- Opening Delimiter -

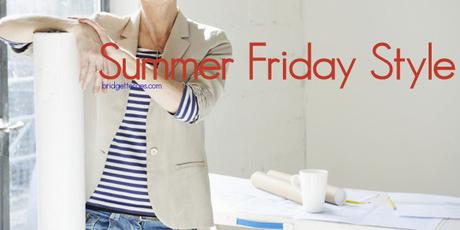How to Dress Casually Stylish on Summer Fridays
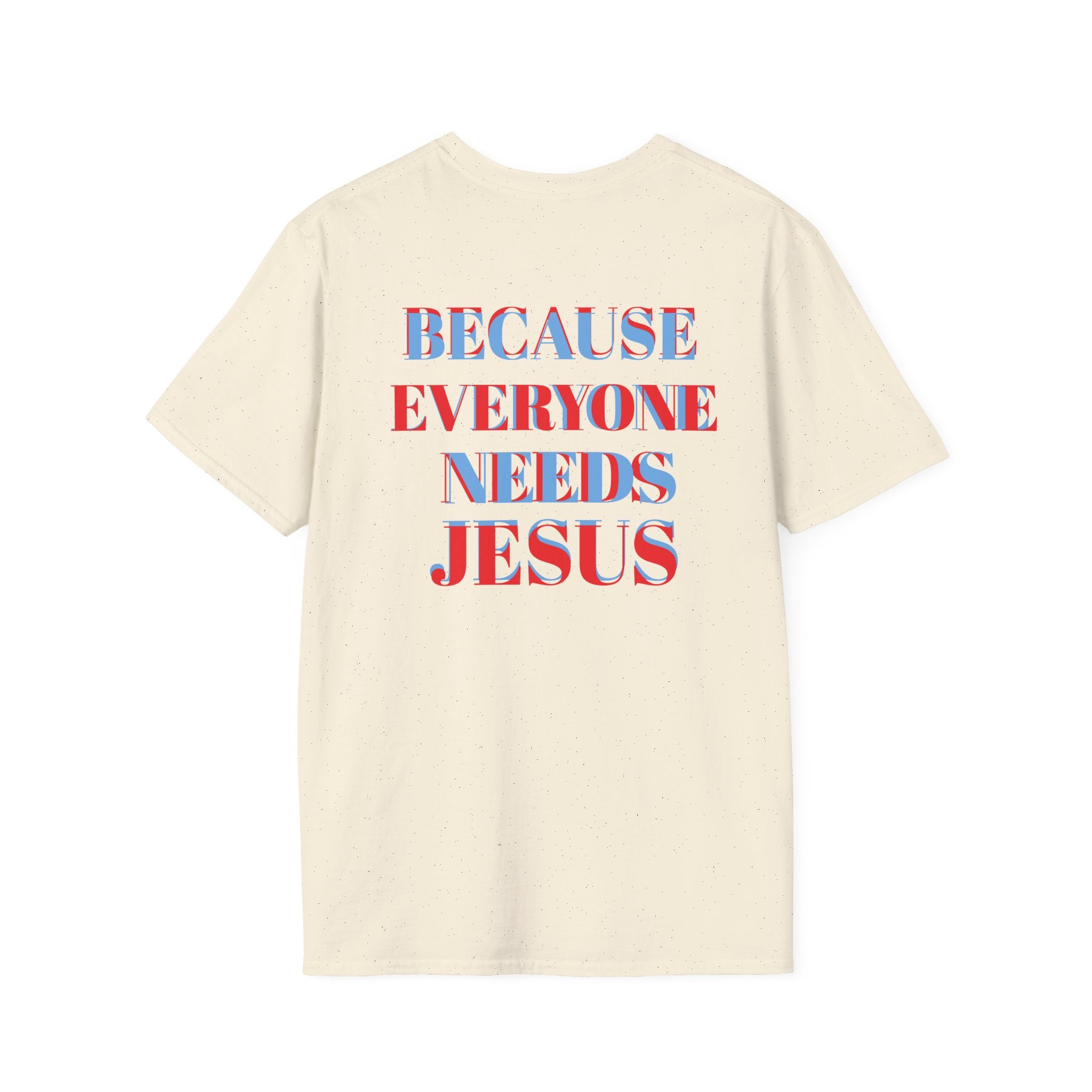 Inspirational Quote T-Shirt - Be Like Charlie, Because Everyone Needs Jesus, Motivational Gift, Casual Wear, Faith-Based Apparel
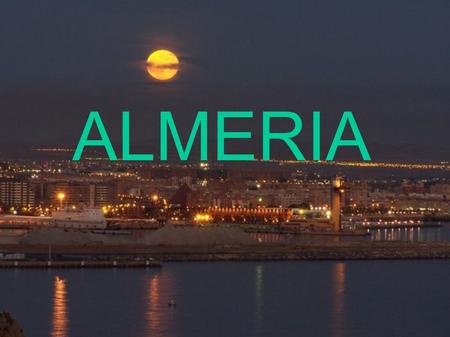 ALMERIA. Almería is a province of the Autonomous Community of Andalucia, Spain. It is bordered by the provinces of Granada, Murcia, and the Mediterranean.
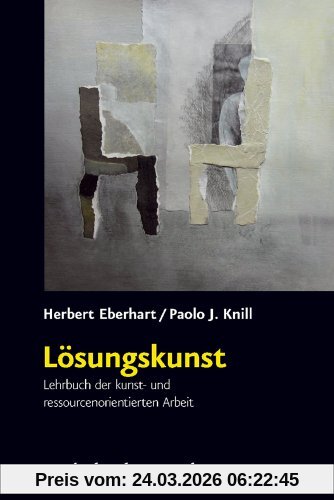 Lösungskunst: Lehrbuch der kunst- und ressourcenorientierten Arbeit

- Closing Delimiter -

**What needs to be done**
Please transcribe exactly the lines from the one containing "Inspirational Quote T-Shirt" through the final line of the data, including both, and nothing else. Pictures are to be left out.

**Answer**
 Inspirational Quote T-Shirt - Be Like Charlie, Because Everyone Needs Jesus, Motivational Gift, Casual Wear, Faith-Based Apparel
 ALMERIA. Almería is a province of the Autonomous Community of Andalucia, Spain. It is bordered by the provinces of Granada, Murcia, and the Mediterranean.
 Lösungskunst: Lehrbuch der kunst- und ressourcenorientierten Arbeit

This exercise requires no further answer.